Coach Lynda: Emma, the best plans I have for you are the TIME CRUNCHED Category 1 Cross Country Mountain Bike Base Training Plan followed by the TIME CRUNCHED Category 1 Cross Country MTB Build, Peak and Race Plan. Add in your downhill skills practice days to have high power and high skills for the DH and be wicked fast.
Jill Hamilton: Hi Lynda, I am a 45 YO former DH racer who is currently returning back to MTB racing after several years. I’m racing sport class XC, Super D, and going to try some Enduro. My goal for 2015 is to be competitive in the Sport class XC and move up to Expert in 2016. I don’t have a training plan, but have been riding road or XC 3 to 4 days per week (often with riders faster than me) and just don’t feel like I’m gaining any ground. Maybe it’s age or a thyroid disorder (Hashimotos)…or maybe just the fact I don’t have a plan. Would you recommend your Base/Weight Loss plan to get started? BTW, Christina Probert Turner told me about your programs and highly recommends you!
Coach Lynda: Jill, how many lbs are you from your goal race weight? LW Coaching Jill, how many lbs are you from your goal race weight?
Jill Hamilton: I am 5’7″ and 142 lbs, so I am not super overweight. If I could lose 7 to 10 lbs, I’d be ecstatic, but weight loss really isn’t my primary goal. Increasing my fitness is really what I am after.
Coach Lynda: Jill, I recommend getting your thyroid levels ironed out as a priority as that will wreak havoc with fitness development (I have Hashis too). For training plans I recommend following my TIME CRUNCHED Cat 1 series of plans. My Enduro racers have been having a lot of success with these plans. Start with the 12 week TIME CRUNCHED Category 1 Cross Country Mountain Bike Base Training Plan and then progress on to the 12 week TIME CRUNCHED Category 1 Cross Country MTB Build, Peak and Race Plan. Clean up your diet and watch your portions and let the weight come off slowly. It doesn’t sound like the Weight Loss and Base training plan is the one you will benefit most from right now.

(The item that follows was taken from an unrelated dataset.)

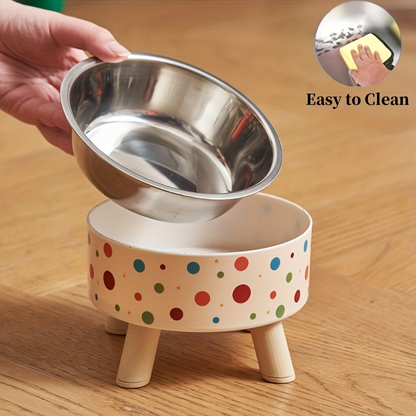 Stainless steel feeder with non-slip base, 13.5 oz. Suitable for cats and small dogs.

Wyll Oz: Lynda Wallenfels! Can U show here an intervals example in every power zone? Recovery, endurance, tempo, lactate threshold, above threshold etc.

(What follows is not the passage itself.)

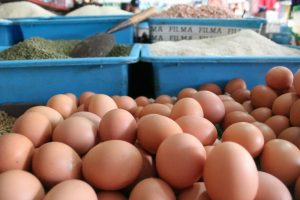 Tekan Terjadinya Inflasi, TPID Kota Kediri Sidak Harga Telur Ayam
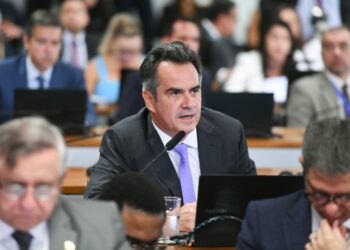 PF cumpre mandados contra Ciro Nogueira em nova fase de operação do caso Master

Coach Lynda: Wyll, that is too large of an answer to fit on FB but I will tell you where the answer is. See pages 112 – 118 of The Cyclists Training Bible by Joe Friel.

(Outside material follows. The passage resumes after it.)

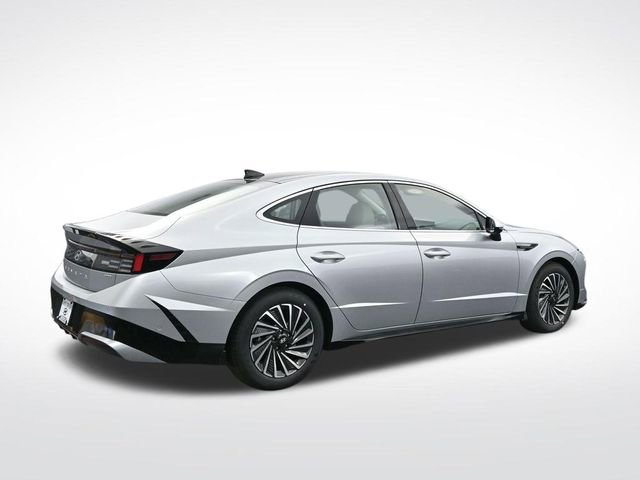 Used 2024 Hyundai Sonata Limited FWD image 7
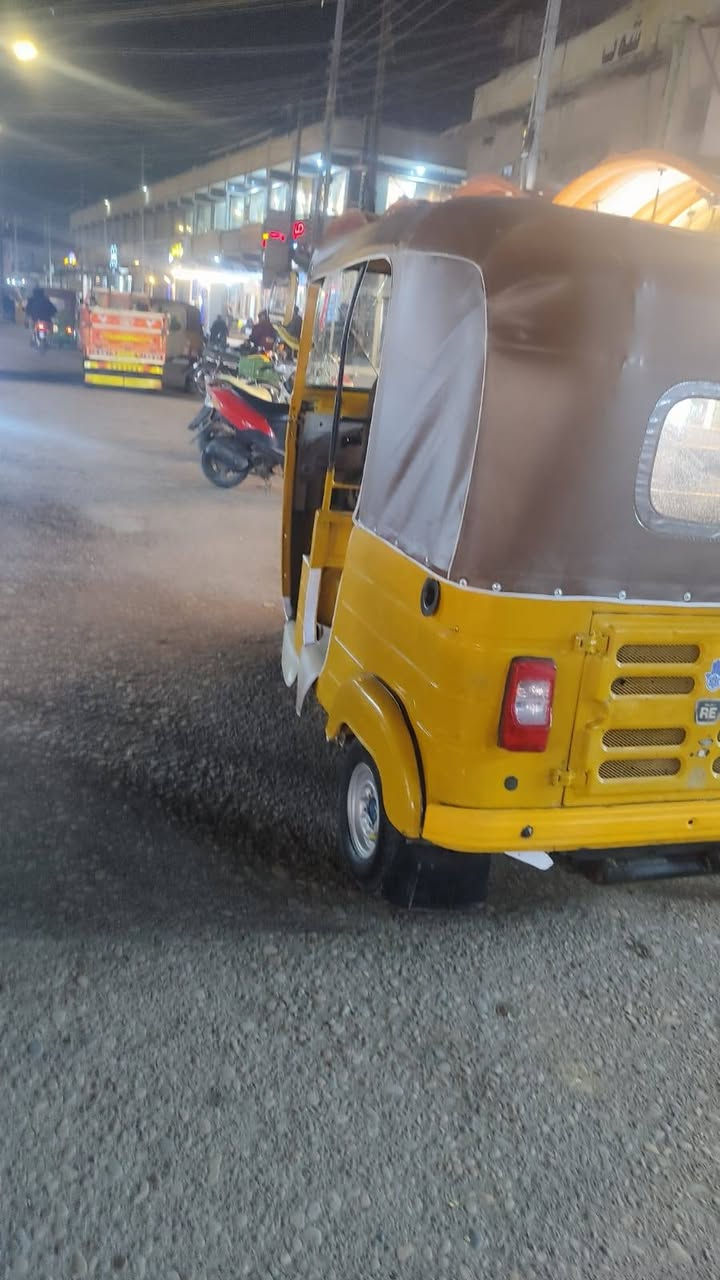 السلام عليكم شباب تكتك للبيع موديل 19 شهر11 يوم27
تخم تاير كهربائيات كله شغاله العنوان ميسان العماره ***********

Tom Stringer: Hi Lynda, end of race season in Aus here for me. Last 100km this weekend then nothing until March. How long should I relax for before starting on base for next year?
Coach Lynda: Tom, If you are injured, burned out and tired from racing a month of recovery is reasonable. If you are healthy and still loving riding, take a week off your bike, then get back on and do lots of riding for fun. Mountain biking adventures are a blast when your fitness is still running high from a full season of training and racing.
Benjamin Wendorf: Doing the BC bike race next year. New to stage racing. Which plan would work? 15 hours seems to be my longest time riding a structured week.
Coach Lynda: BCBR is 6/27 – 7/4. That gives you 33 weeks to train for it. That is lots of time!
I recommend you start training on 11/10/14 with the 12 week Category 1 Cross Country Mountain Bike Base Training Plan.
2/2/15 follow the 12 week Category 1 Cross Country MTB Build, Peak and Race Plan but cut the plan down to 9 weeks by missing out weeks # 3, 7 and 11.
4/6/15 follow the 12 week 7-Day Mountain Bike Stage Race – Personal Record Plan to a peak performance at BC Bike Race .
Josh Carter: Peak for 12 hours of Mesa Verde for spring. Peak for breck epic/ pcp2p for summer. How should I proceed?
Coach Lynda: Josh, are you on gears or single-speed? What are your goals for these races? How old are you? Solo or team at Mesa Verde?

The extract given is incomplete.